C’est la première préoccupation des Français. La lutte contre le chômage a été le premier déterminant du choix des électeurs, 50% d'entre eux plaçant cette thématique en tête, selon un sondage TNS-Sofres réalisé dimanche. La publication des derniers chiffres du chômage de l’actuel quinquennat, en hausse, est l’occasion de faire le point sur ce dossier si sensible. Quel est le bilan de Nicolas Sarkozy sur le front du chômage ? Europe1.fr a fait les comptes.
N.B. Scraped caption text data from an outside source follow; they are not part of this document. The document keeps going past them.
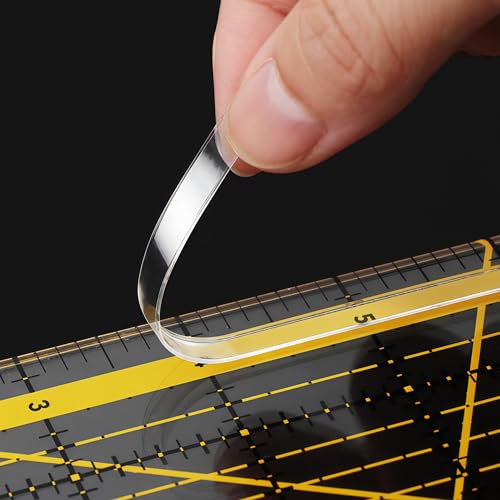 Ruler Grips, Transparent Quilting Rulers, Non-Slip Silicone Ruler Rings, Quilt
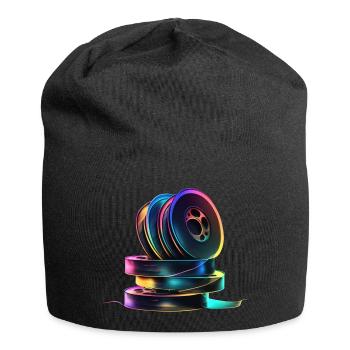TAPES, recordings - Jersey Beanie - black - Front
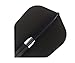 LSTYLE Dart Flights: L3 PRO Shape - for Soft Tip and Steel Tip Darts - Black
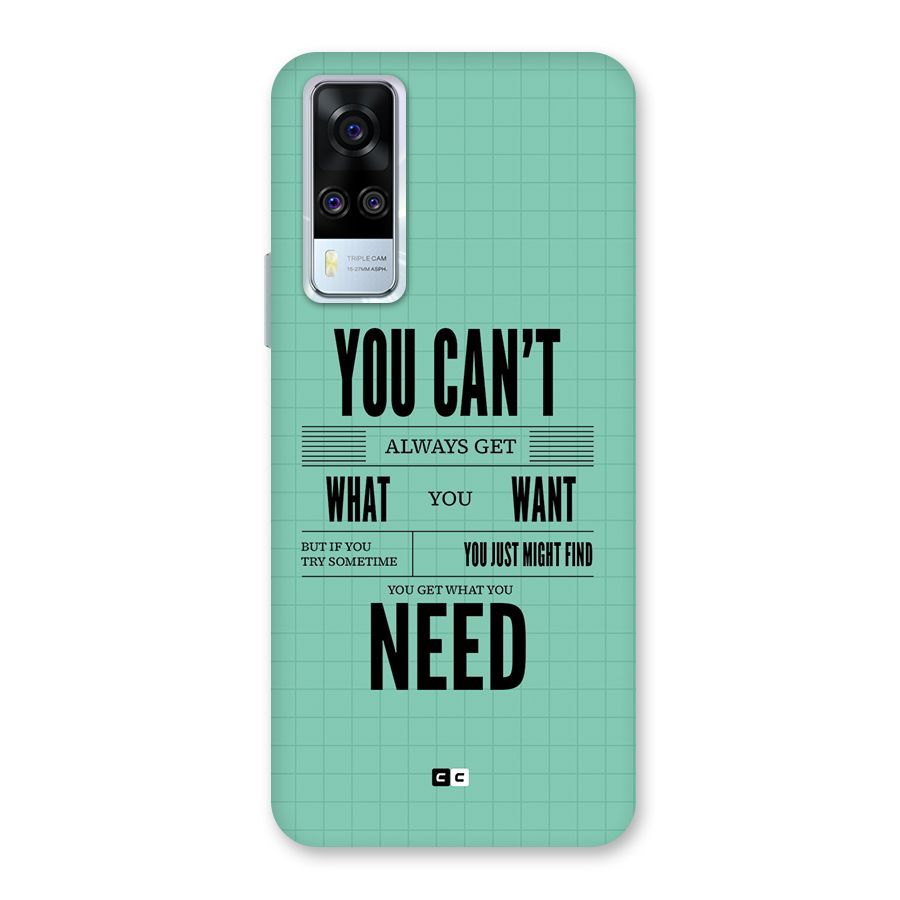 Cant Always Get Back Case for Vivo Y31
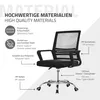 Ergonomická kancelářská židle ML-Design, černá, výškově Náhled obrázku produktu 7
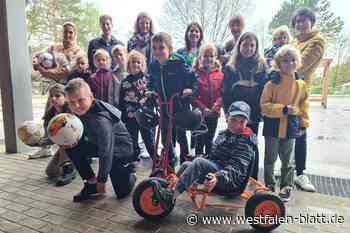 Neues Pausenspielzeug für 320 Grundschüler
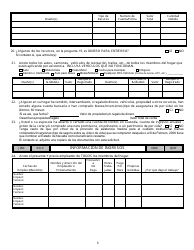 Formulario 2920-EMS Aplicacion Para Asistencia - Nevada (Spanish), Page 5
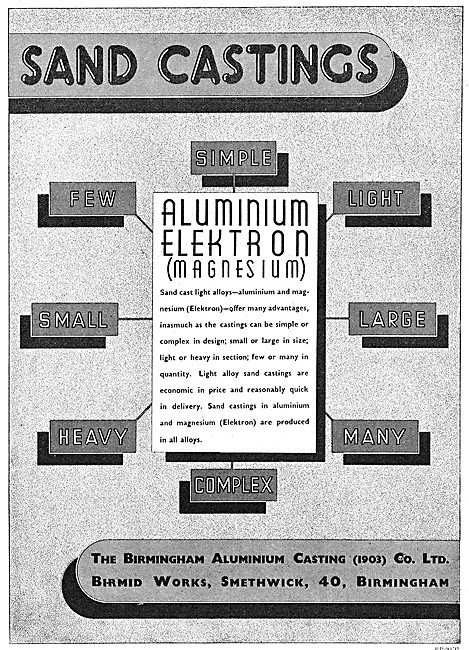 Birmid: Birmingham Aluminium -  Aero Castings                    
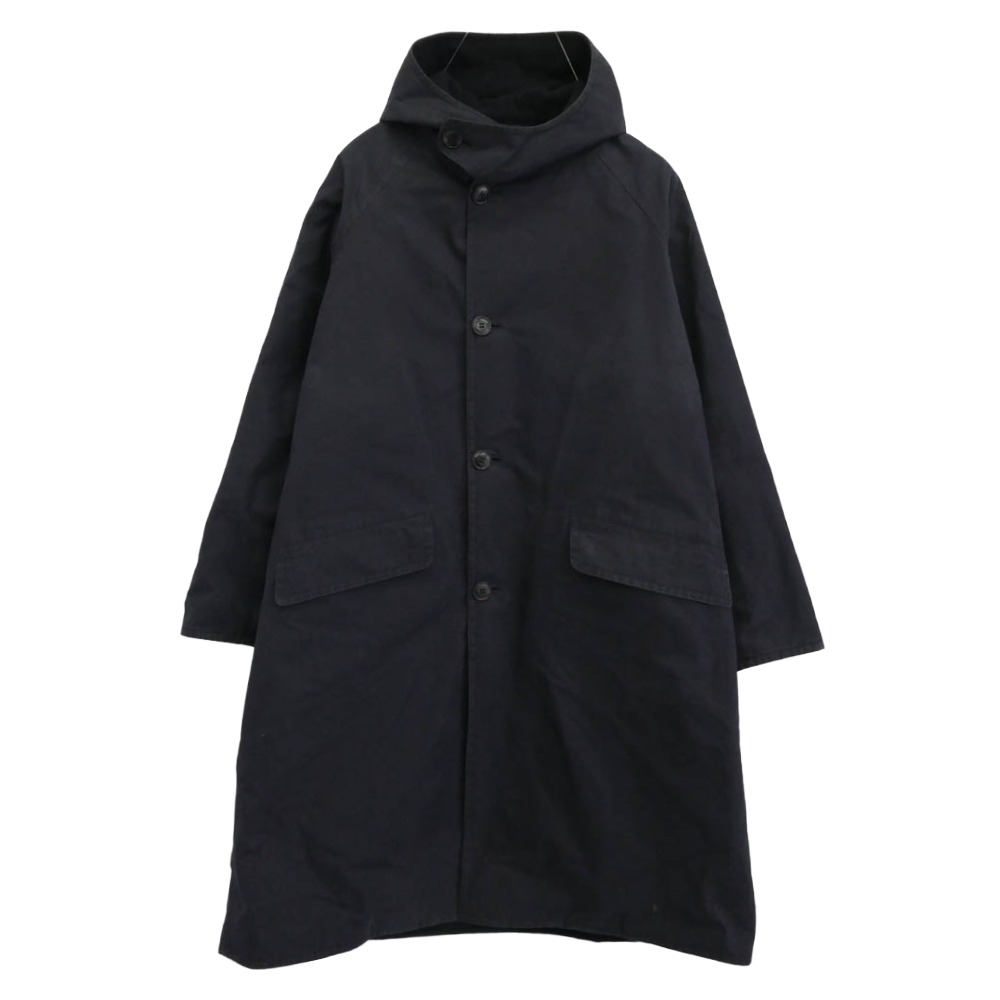 COMOLI コモリ 22AW W03-04012 コットン ベンタイル フーデット コート ブラック系 2 メンズ【古着】【中古】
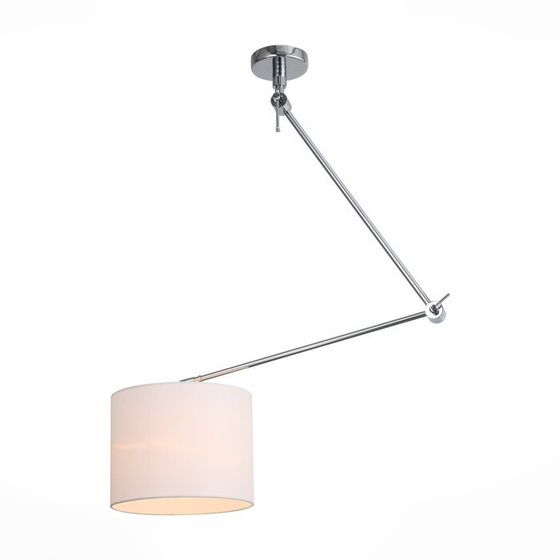 Светильник потолочный St Luce. SL460.102.01. Marcia. 1х60 Вт, E27, 39х28х90 см, цвет хром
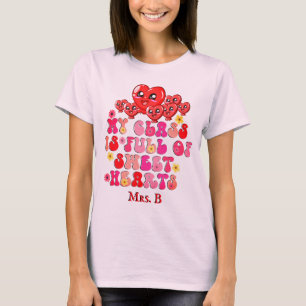 T-shirt Ma classe est pleine de coeurs Enseignants Valenti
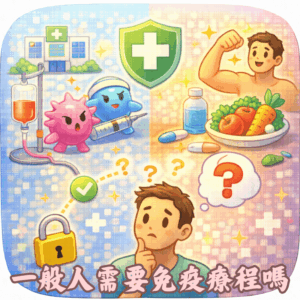提升免疫力真的要做免疫細胞療程嗎？一般人需要嗎？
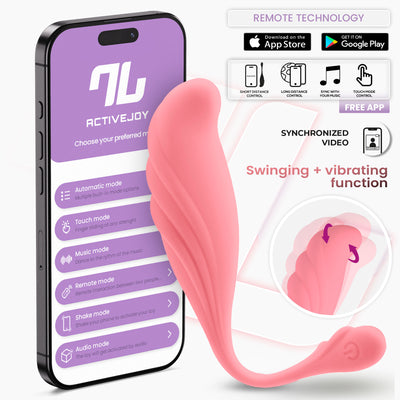 Œuf vibrant INTOYOU APP SERIES avec mouvement ondulatoire et application USB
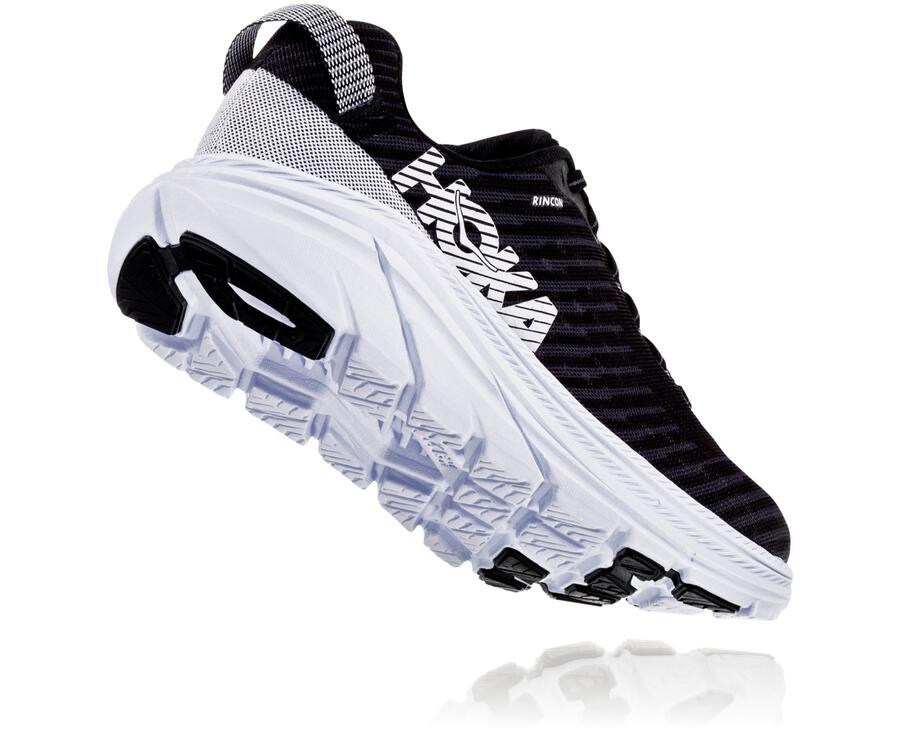 Tenis Hoka One One Hombre Negros/Blancos - Rincon - QYWZ09372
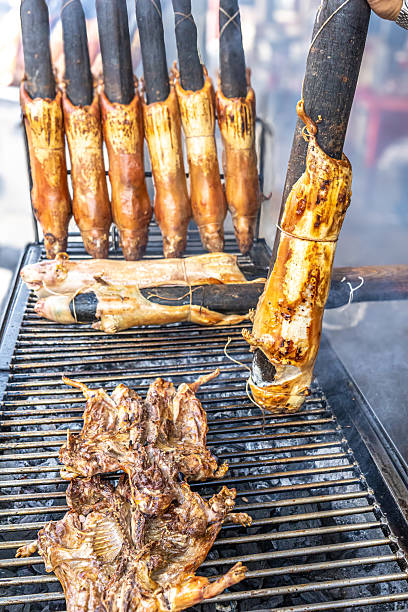 istock Guinea pig roasting on the grill. 2236133161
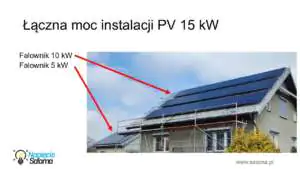 Przykład wykonania instalacji fotowoltaicznej na dwuspadowym dachu krytym blachą Przykład wykonania instalacji fotowoltaicznej na dachu spadzistym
En mars, la mauvaise tendance se confirme

Pour le onzième mois consécutif, le chômage a augmenté en France selon les chiffres du ministère du Travail. 16.600 nouveaux demandeurs d’emplois ont été recensés en mars 2012, ce qui porte à 2,884 millions le nombre de personne au chômage. Si on inclut les demandeurs ayant une activité réduite, Pôle emploi comptait 4,309 millions d'inscrits fin mars, soit 30.700 de plus que le mois précédent.

Avec onze mois consécutifs de hausse du chômage, le bilan de la dernière année du quinquennat Sarkozy est  en effet sans appel : le nombre des demandeurs de catégorie A, c’est-à-dire sans activité, a crû de 7,2%. Mais qu’en est-il sur cinq ans ?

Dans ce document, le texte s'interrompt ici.